Some thoughts / a bit of context about performance comparability between Rust and C, for those not familiar.
One nice thing about Rust’s compiler is that it is built on LLVM. For those not familiar, LLVM is a compiler infrastructure. It provides an intermediate form called Intermediate Representation or IR, and various optimizations which work on IR semantics. So if you can write a compiler which produces IR, you can use LLVM optimizations. This is a good thing for making new systems langs because you can use many of the same optimizations which allow C to be fast.
If you have some Rust code, and some perfectly equivalent C code, and compile them using rustc and clang, you will get the same or very close to the same machine code.
The subtle thing often missed in discussions of “X lang has C-like performance” is that equivalent code usually isn’t actually equivalent due to differences in the languages’ semantics. One of the ways Rust is different from C is that it injects runtime bounds checks for things which are only checked in C if you wrote a check yourself. So, there are potentially extra branches injected, which may be unreachable, which may impede performance. If your C isn’t bounds checking (and doesn’t need to) and your Rust is, your Rust is doing extra work and that work has a nonzero cost. But:
- these can be explicitly guaranteed to be unreachable, thus removing the extra code and giving you identical perf
- nearly all of the the overhead from a check is failing branch predictions, which should never or almost never happen
- if the code in question is not executed very frequently, the average overhead over the process’s lifetime will be negligible
Another tricky thing about the “C-like performance” we often demand from other langs is: writing performant C is actually pretty hard. You can’t just write some working C and be done, your C has to be written in a way that the compiler will produce sane code. The relative lack of high level abstractions in C are both a blessing and a curse. Idioms provided by the language are usually highly optimized. Lacking many high level abstractions in C leaves many idioms up to the author, and if the author isn’t an expert, their code will be worse and less performant than if they’d used a high level abstraction someone else wrote. So while Rust’s abstractions may be worse than expertly written C code, they may also be better than an average programmer’s C code. High level abstractions can be a performance improvement - they aren’t necessarily a performance detriment.

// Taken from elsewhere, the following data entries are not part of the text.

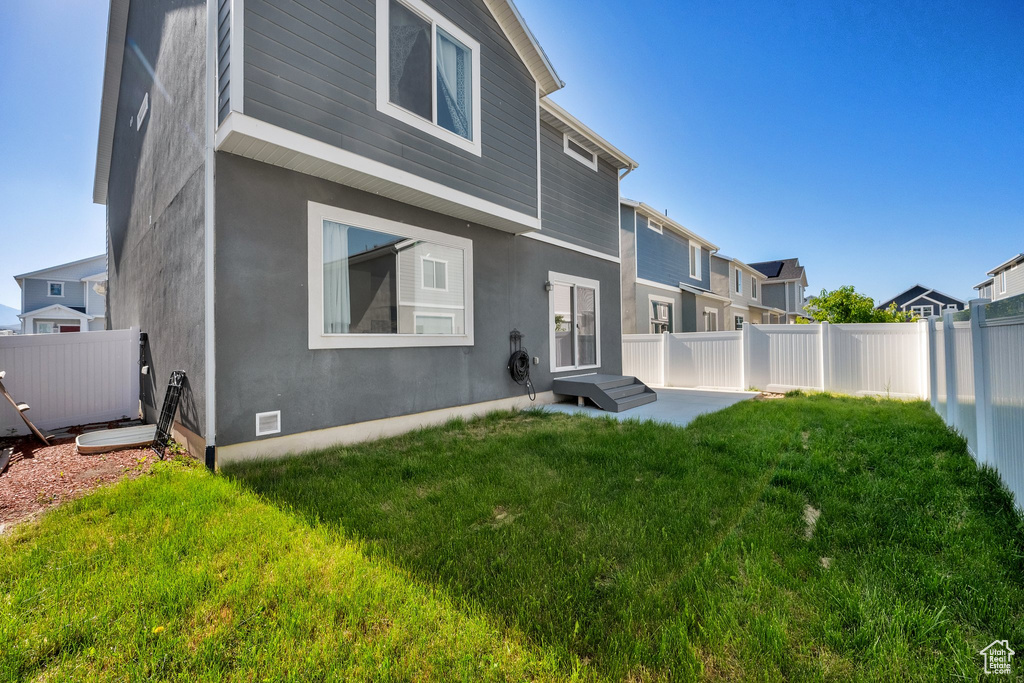Back of property with stucco siding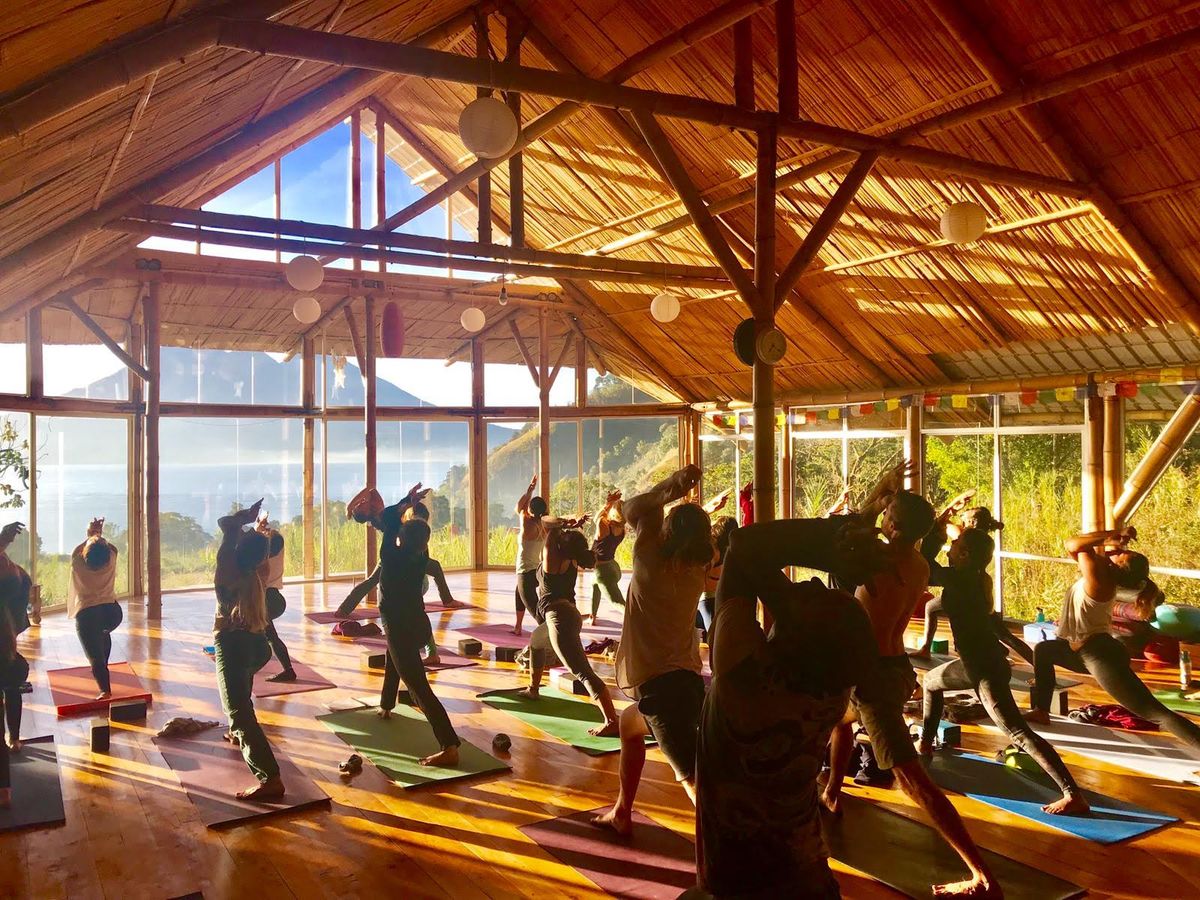 A class in Warrior II, facing the lake.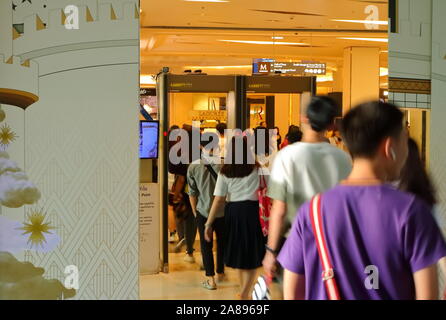 Bangkok, Tailandia - 8 Novembre 2019 : sfocato il movimento di persone in fila a piedi attraverso il rivelatore di metalli in entrata del Siam Paragon Shopping Mall Foto Stock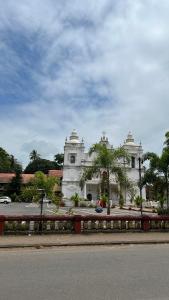 a large white building with trees in front of it at Cozy Corner - Tropical 2BHK pool pad in Varca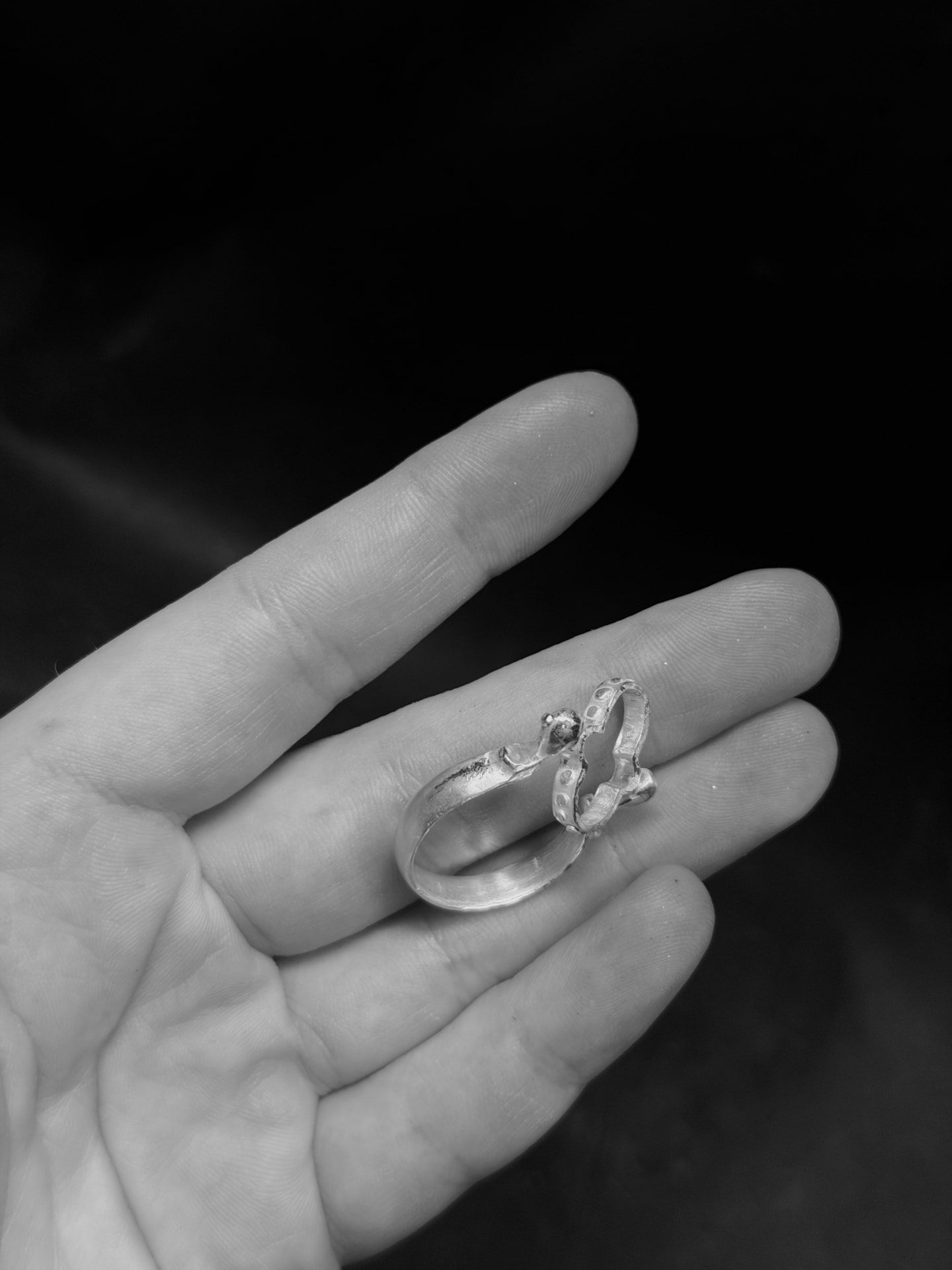 Back view of the reversible silver ring with labradorite resting in a palm, black and white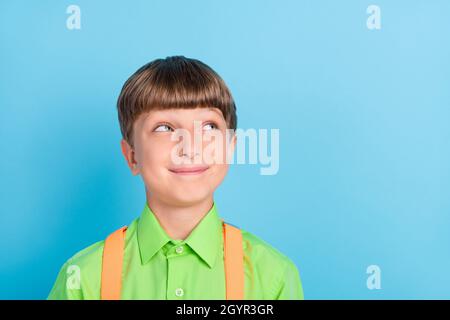 Portrait von attraktiven fröhlich neugierig Schuljunge Nerd Denken kopieren Raum isoliert über blaugrün türkisfarbenen Hintergrund Stockfoto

tl;dr: As someone who has written Rust and C and has a light obsession with performant code, I would expect the rewrite to be a little better in some places, a little worse in others, and roughly equivalent on the whole. Spots with drastic performance losses can be optimized to as good as they previously were, with near certainty. While I personally don’t enjoy writing Rust and it wouldn’t be my first choice for a rewrite, I still think that on the whole this is an improvement to the Tor project.